The pain that appears in the dimples of the lower back
The sacroiliac joint (SI) connects the sacrum — the triangular bone at the base of the spine — to the ilia of the pelvis. It is a joint with minimal motion (only 2-4 degrees of rotation), but one that supports an extraordinary load: all the force of transmission between the trunk and the lower limbs passes through it. When dysfunctional, it generates a deep and uncomfortable pain exactly at the "dimples of Venus" (the small pits over the posterior superior iliac spines), which worsens with walking, climbing stairs, turning in bed, or standing on one leg.

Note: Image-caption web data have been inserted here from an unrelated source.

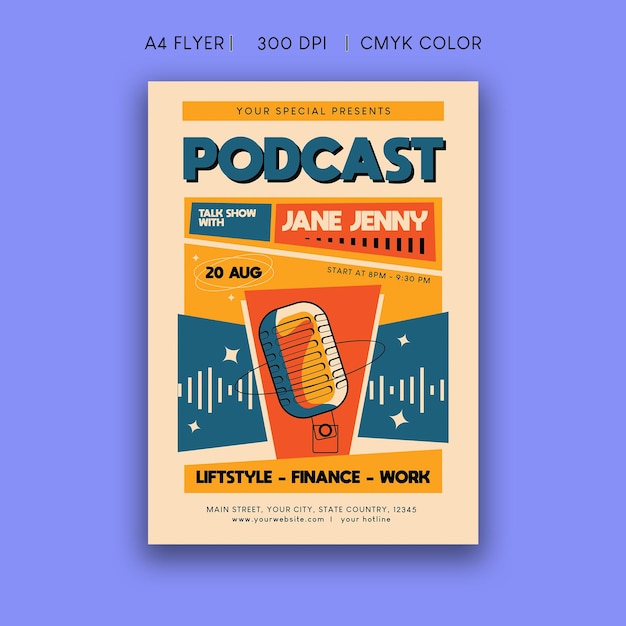 Flyer En Direct Du Podcast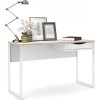 Psací stůl Felix 512 bílý mat/bílá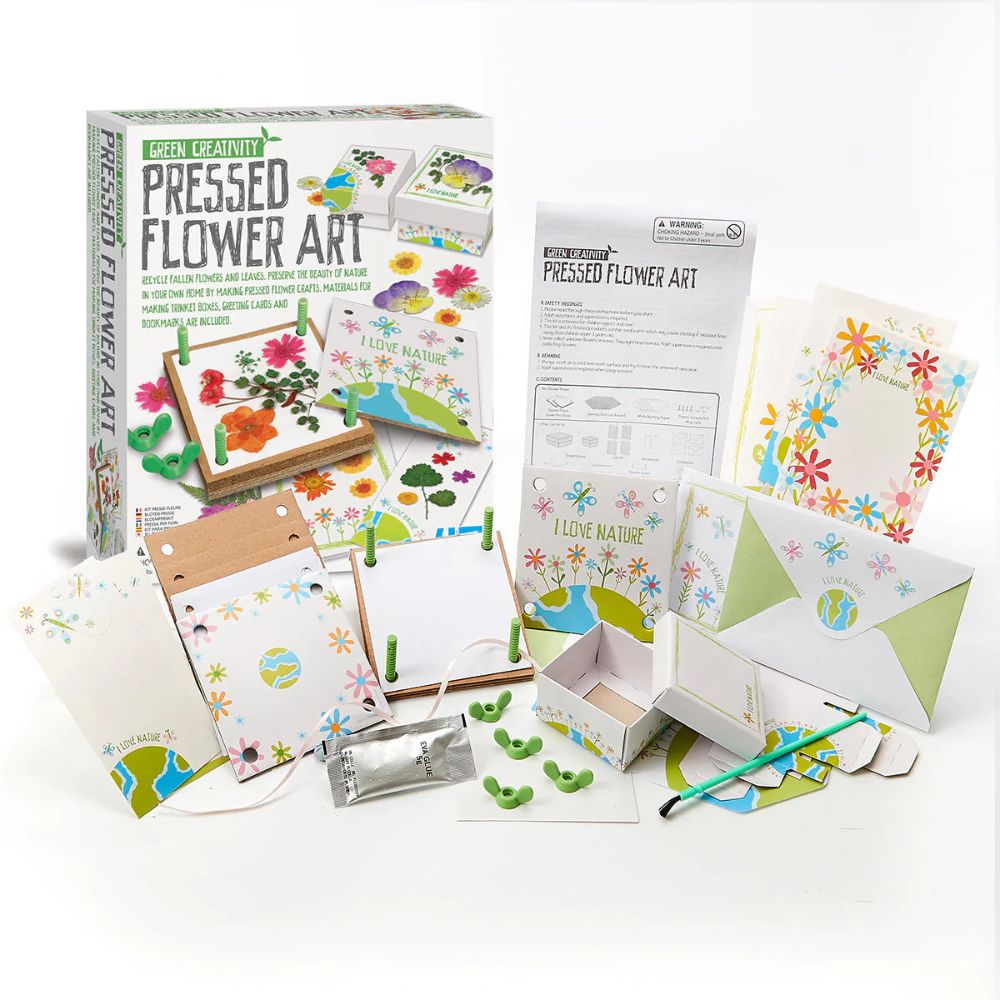 4M Pressed Flower Kit - DIY Flower Pressing Craft Kit for Kids & Adults - Create Beautiful Pressed Flower Art for Scrapbooking, Card Making & Home Decor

It is estimated that 15 to 30% of all low back pain has the sacroiliac joint as the primary or significantly contributing source. However, it is one of the most underdiagnosed causes of low back pain: most patients receive the generic label of "mechanical low back pain" without the SI being specifically tested. Lumbar spine MRI — the most requested exam — does not adequately evaluate the sacroiliac joint, and the patient spends years treating the spine while the true source of pain remains overlooked.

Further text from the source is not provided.